An old Jewish fable tells about a poor man asking for advice from the rabbi. The family is large, the house is small, and it feels very crowded. The rabbi tells his follower to bring a goat into the house, and to come see him again after a month. The man is confused, but does not argue. He brings a goat to live in the house. A month later, the rabbi tells the man to take the goat back out of the house and to see him again in a week. Sure enough, a week later the man thanks the rabbi for feeling much better, and the house doesn’t feel as crowded anymore.
As long as GPGPUs can only be programmed using exclusive languages, programmers may feel that the reason for their inability to write code that can be used across both CPUs and GPUs is the lack of a language that supports all HW targets. This is the situation of having a goat living in the house. Removal of the goat merely restores the original problem and only provides a false sense of a solution.
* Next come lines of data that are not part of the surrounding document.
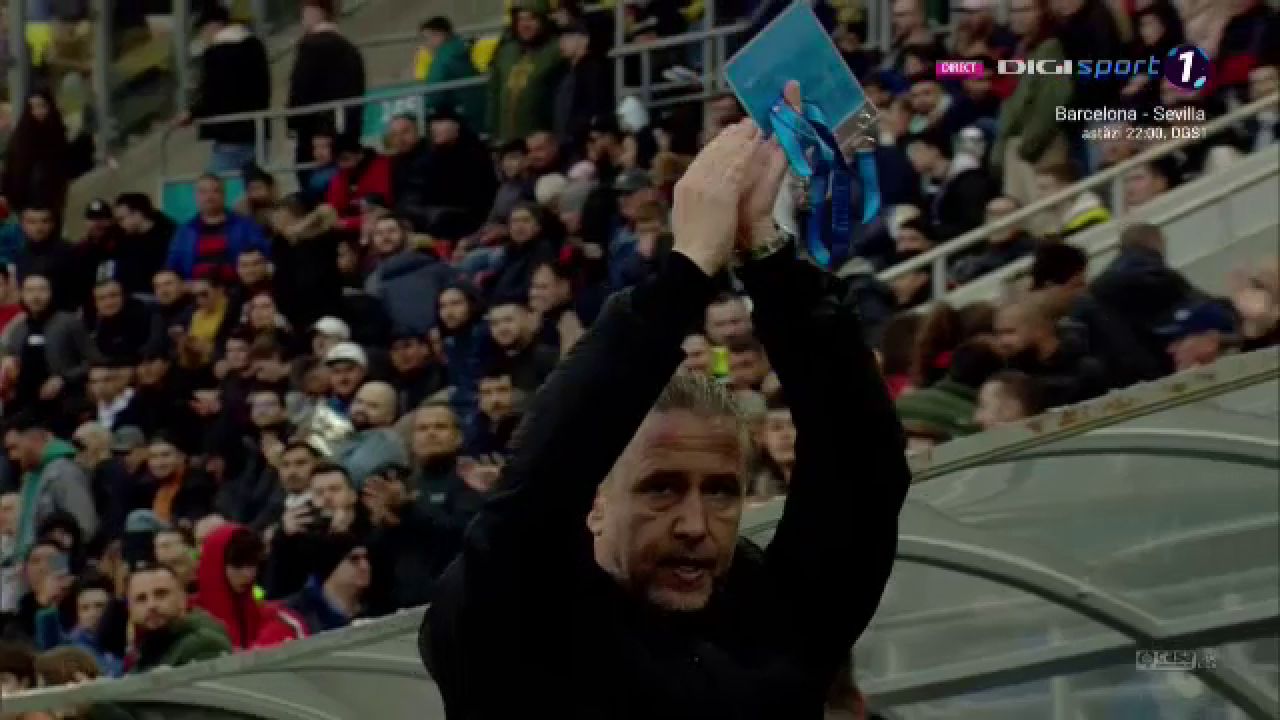 Aplaudat la scenă deschisă! Laurențiu Reghecampf, primit ca un rege pe Arena Națională de fanii lui FCSB_4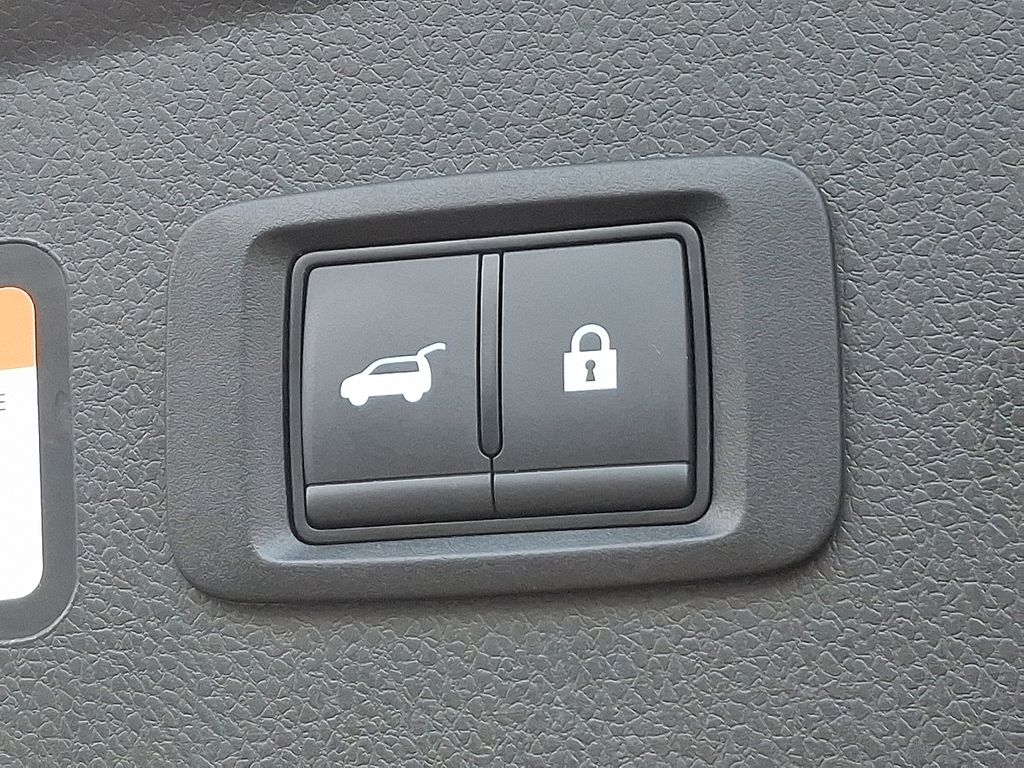 2024 Mitsubishi Eclipse Cross SEL 31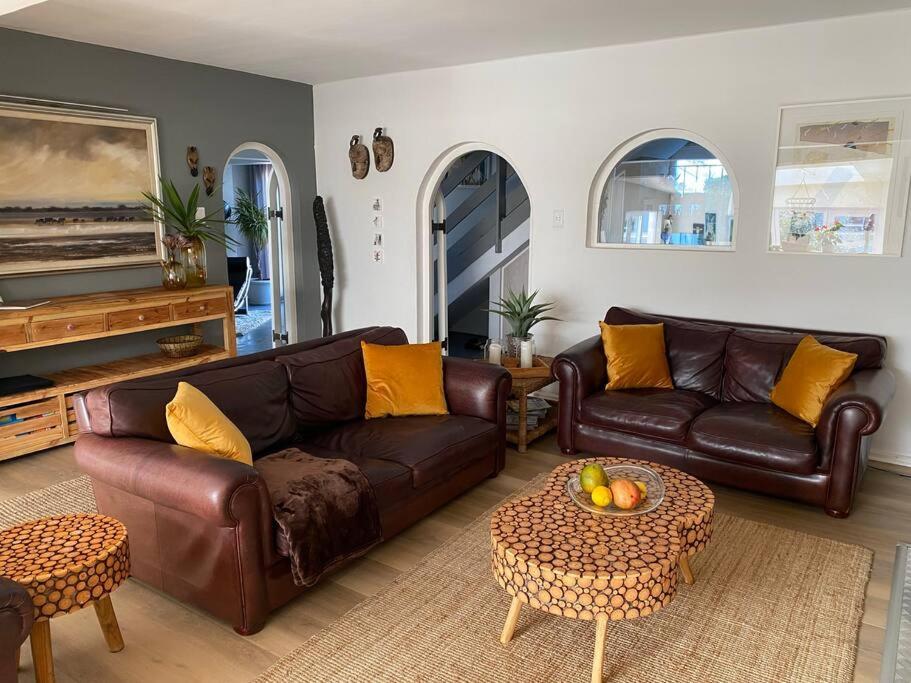 Tranquil Waterfront Hideaway With Stunning Views Holiday home *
We are seeing some excited reactions to advances in languages, such as OpenCL™, OpenACC, and soon, the ability to program GPUs in C++. Each of these advances is typically accompanied by papers and blog posts about portable code, and even about performance portability. There is some recent news about advancements in C++ support for GPGPUs, which might lead the reader to conclude that it is becoming possible to maintain a single-source code base across CPUs and GPUs.
What is the real problem?
Even if there was a common language that supports CPUs and GPGPUs, the problem is that the HW architecture between most CPUs on the one hand and most GPGPUs on the other hand are divergent in multiple ways, precluding performance portability.
The difference between just “portability” and “performance portability” is, of course, performance. In practical terms, we can each decide what it means for ourselves depending, at least to some extent, on application requirements. Suppose you have two different applications, one for a CPU and one for a GPGPU, and they perform reasonably well. You are, however, aware that long-term maintenance of two code bases is more expensive than maintaining a single code base, and would be interested in a performance portable application to replace both. How much performance would you be willing to give up by replacing the two optimal applications by a single one?
Probably more of us would be willing to lose five percent performance and fewer of us would be happy to lose five times performance.
Some of the differences in HW architecture support for parallel computing are well known and broadly understood:
CPUs such as dual-socket, current-generation Intel® Xeon® processor-based servers provide a few tens of cores, that are two-way hyper-threaded. The cores are high performance Out-of-Order cores. By contrast, GPGPUs provide hundreds of-low performance scalar processors.
GPGPUs tend to use hyper-thread switching to hide latency of long latency operations, including memory access. CPUs, at most, use much fewer hyper threads, and rely on cache architecture to absorb memory latency.
GPGPUs tend to use the HW for switching between threads, whereas CPUs use OS threading and user mode schedulers for scheduling tasks.
Many CPUs expose two levels of parallelism architecturally to SW: the core count and SIMD (single instruction, multiple data) support. SIMD allows for processing multiple data elements within a single instruction. By contrast, running the same sequence of instructions on multiple cores allows them to execute independent of each other and progress at different paces.
These HW architectural differences dictate different algorithmic choices. Algorithmic choices are typically made in conjunction with choices on how to parallelize the algorithms. As is well known, some algorithms are more efficient as sequential algorithms but cannot be parallelized, or not parallelized efficiently for some HW targets, while alternative algorithms are less sequentially efficient and parallelize better.
The implications of the HW differences on algorithmic choices are many, and it is hard to provide a succinct summary. The implications on the parallelization of algorithms are also many, but at least a subset of them is well understood:
Parallelization for GPGPU requires many more parallel tasks than for a CPU.
Parallelization for GPGPU supports fine grain, while parallelization for CPUs is coarse grain, to amortize the overhead of the SW scheduler. For CPUs, vectorization is fine grain, while for most GPGPUs parallelization and vectorization are done jointly, via kernel programming.
Cache efficiency of the parallelization using techniques such as tiling, blocking, and prefetching are relatively more impactful for CPUs. A GPGPU programmer may be able to get closer to optimal performance without working as hard on the cache efficiency of their implementation.
In summary, deficiencies in language syntax can certainly get in the way of productivity while trying to optimize performance, and at the same time there are considerations in performance engineering, especially in parallel programming, that are outside the scope of the language. Advancements in languages and their cross-platform availability are good progress, but do not by themselves deliver performance portability.